■ Provided records
[Start of section]

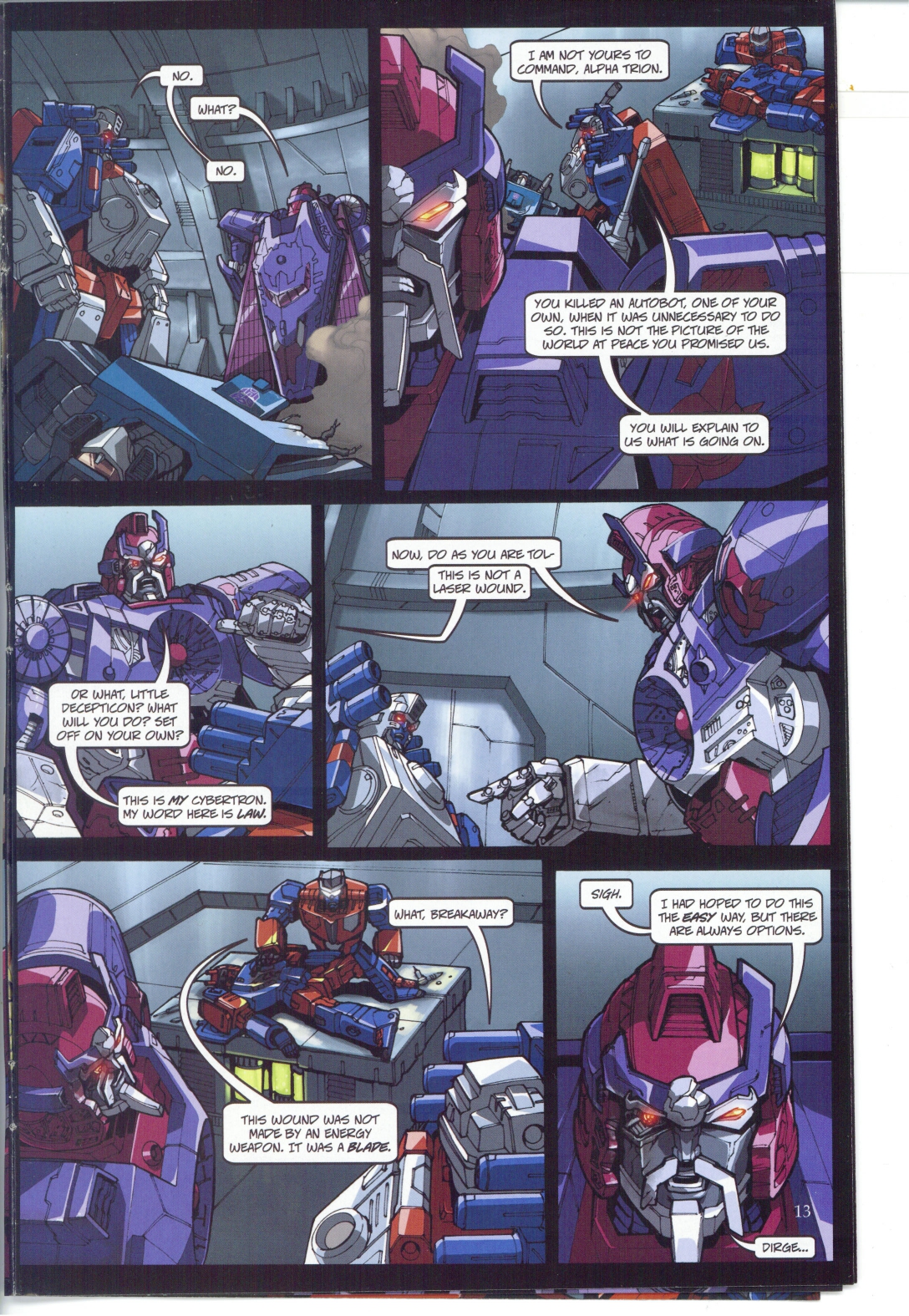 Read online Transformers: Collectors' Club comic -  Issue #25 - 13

[End of section]
[Start of section]

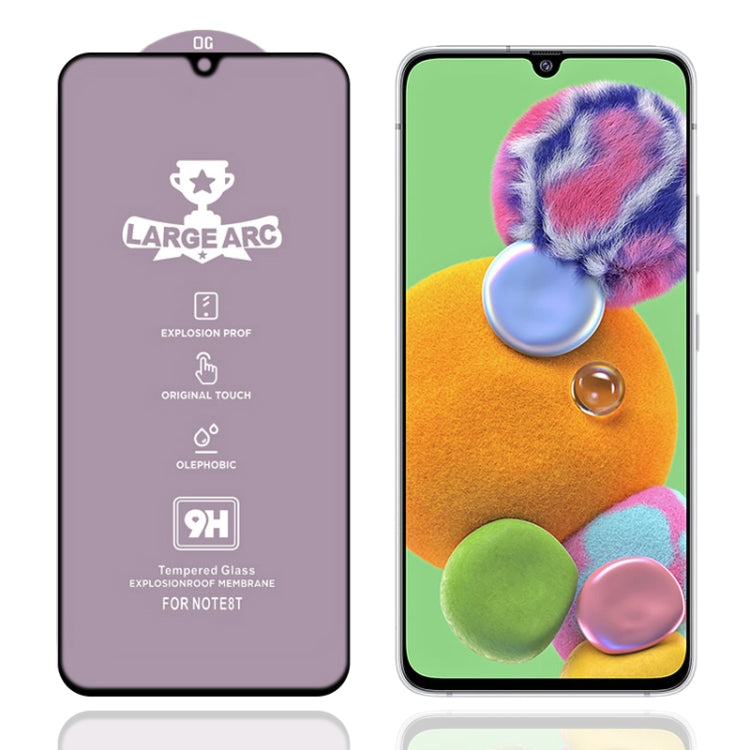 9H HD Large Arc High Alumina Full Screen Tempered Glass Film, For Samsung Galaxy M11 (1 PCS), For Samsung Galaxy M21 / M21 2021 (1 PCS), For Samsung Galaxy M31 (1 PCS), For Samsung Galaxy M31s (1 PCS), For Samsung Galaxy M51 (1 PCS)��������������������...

[End of section]
[Start of section]

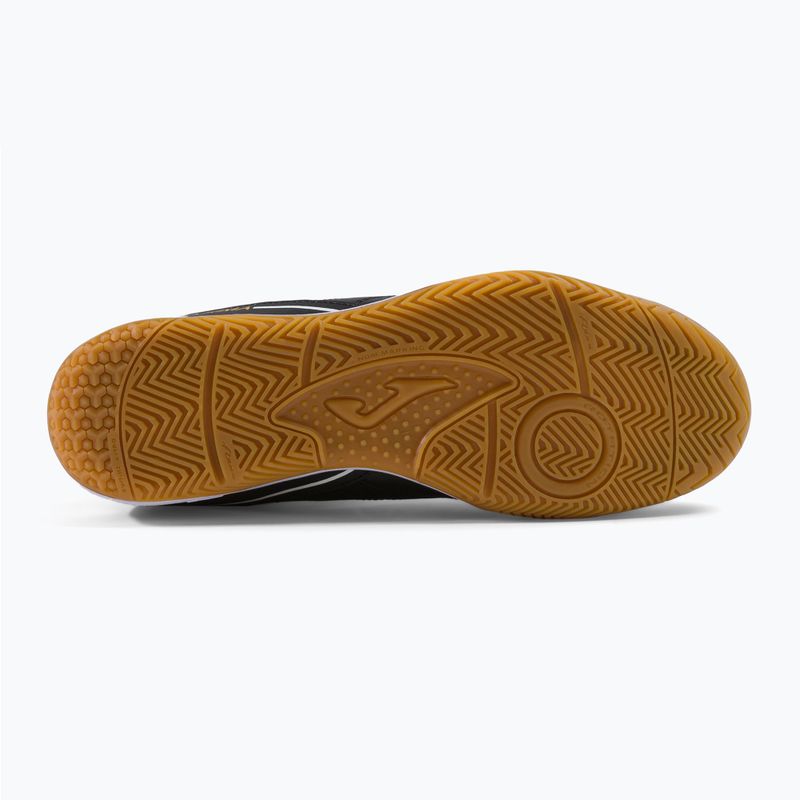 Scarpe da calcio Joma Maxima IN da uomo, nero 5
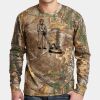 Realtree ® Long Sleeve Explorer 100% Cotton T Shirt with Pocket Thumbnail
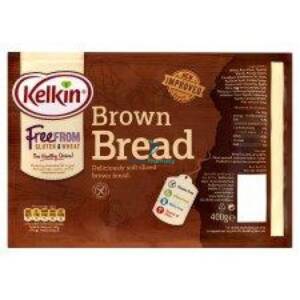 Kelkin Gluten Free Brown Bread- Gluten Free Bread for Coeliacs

[End of section]

Give again the lines of the listing above that run from the one with "Realtree ® Long" up to and including the one with "Kelkin Gluten Free". Keep them exact and omit the pictures.

■ Output for this task
 Realtree ® Long Sleeve Explorer 100% Cotton T Shirt with Pocket Thumbnail
 Kelkin Gluten Free Brown Bread- Gluten Free Bread for Coeliacs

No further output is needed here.